In this vein, with voters scheduled to go to the polls in tomorrow’s crucial Democrat Senate primary in Pennsylvania (and in Senate primaries in three other states) , I thought it worthwhile to revisit several posts I wrote almost two years ago regarding Senator Arlen Specter’s decision to switch from the Republican to the Democrat party.  At the time I suggested that Specter’s switch was driven by electoral considerations, not ideological ones.  He was reacting to polling data indicating he would lose to the more conservative Pat Toomey in the Republican primary, so he changed venues to run in the presumably less challenging Democrat primary.  That switch, I suggested, would not appreciably change his Senate voting habits.  Here’s what I wrote:

“If I’m right, Specter’s voting record should keep him somewhere in the middle of the Senate pack, ideologically, over the course of the next two years.  If my poli sci colleagues are correct, he should move sharply left closer to the middle of the Democratic Senate voting ranks (say, into Dianne Feinstein/Harry Reid territory).   So we can revisit this issue in two years!”

Almost two years have passed.  How well did my prediction turn out?  Not very well at all.  In fact, based on Jeff Lewis’ roll call data, summarized in this chart by Simon Jackman, Specter’s voting record eventually shifted Left after his party switch, toward the middle of the Democrat Senate caucus, very close to Feinstein territory.  (Yes, this chart summarizing ideological placement based on roll call votes does not differentiate between significant and less significant votes, but it is a widely-used marker of relative ideological placement nonetheless.)


Why did I suggest Specter’s voting record would not change very much, and why was I wrong? When in the days after his switch Specter was one of four Democrats to vote against the Obama-backed budget resolution, thus appearing to validate my initial projection, I wrote: “So far, his biggest fear is not from the unknown candidate in the Democratic primary (he’s evidently counting on the Democratic Party clearing the field for him) – it’s from his likely Republican opposition in the general election.”

In my defense, then, at the time I made my initial projection that Specter would not change his voting spots, I assumed he was primarily focused on a challenge from the Right, not the Left.  As I warned at the time:  “Of course, if he gets a credible challenger on the Left in Pennsylvania, then all bets are off!”  However, I discounted a primary challenge in the belief that the Obama administration had negotiated a deal with Pennsylvania Democrats to give Specter an open field to the Democrat nomination.

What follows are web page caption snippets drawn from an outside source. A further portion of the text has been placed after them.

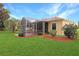 Expansive backyard featuring a screened lanai with brick flooring, lush lawn, and attractive landscaping at 5008 Sawgrass Lake Cir, Leesburg, FL 34748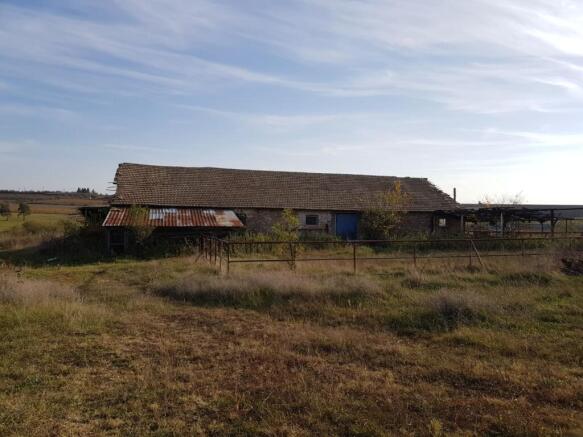 View of the long farm building with a tiled roof and metal fencing in front, surrounded by dry grass and open countryside.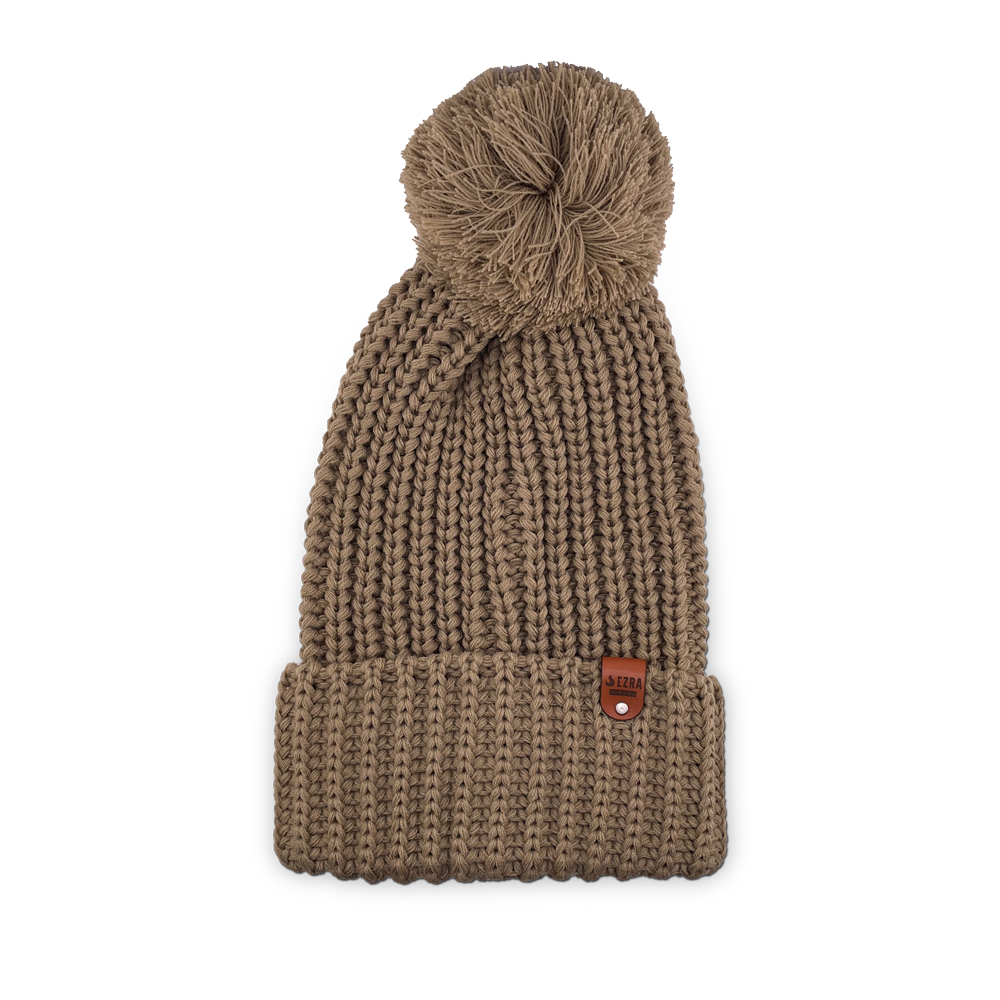 Tan color knitted beanie toque with a pom-pom on a white background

That assumption turned out not to be true.  Since Specter’s switch, we have been reminded just how little clout presidents have in local party affairs, and  how the decision to run on the party label for a Senate seat in American politics is no longer controlled by party leaders.  Specter in fact faces a very credible challenger on the Left in the person of Joe Sestak. At the same time, my projection was made before the full scope of the anti-incumbent wave that now appears building in the run up to 2010 became evident. Not only does Specter face a primary challenge – if the latest polls are to be believed, he is in danger of losing! Although Obama has kept his promise to back Specter (and has even run ads on Specter’s behalf), the latest Pollster.com composite polling graph has the Democrat Senate primary in a virtual dead heat between Specter and Sestak.

Now, there are between 10-15% of undecided voters in these polls, so Specter may yet pull this primary out. Nonetheless, this is a far cry from the “open Democrat field” on which I premised my earlier projection. The irony is that Specter’s move left did nothing to dissuade Sestak from opposing him, and yet has likely made it more difficult for Specter to win the general election; even if he beats Sestak in the primary, polls indicate he will lose the general election to the Republican Pat Toomey.  It would have been far better for Specter’s electoral fortunes, I think, had he maintained his traditionally moderate voting record.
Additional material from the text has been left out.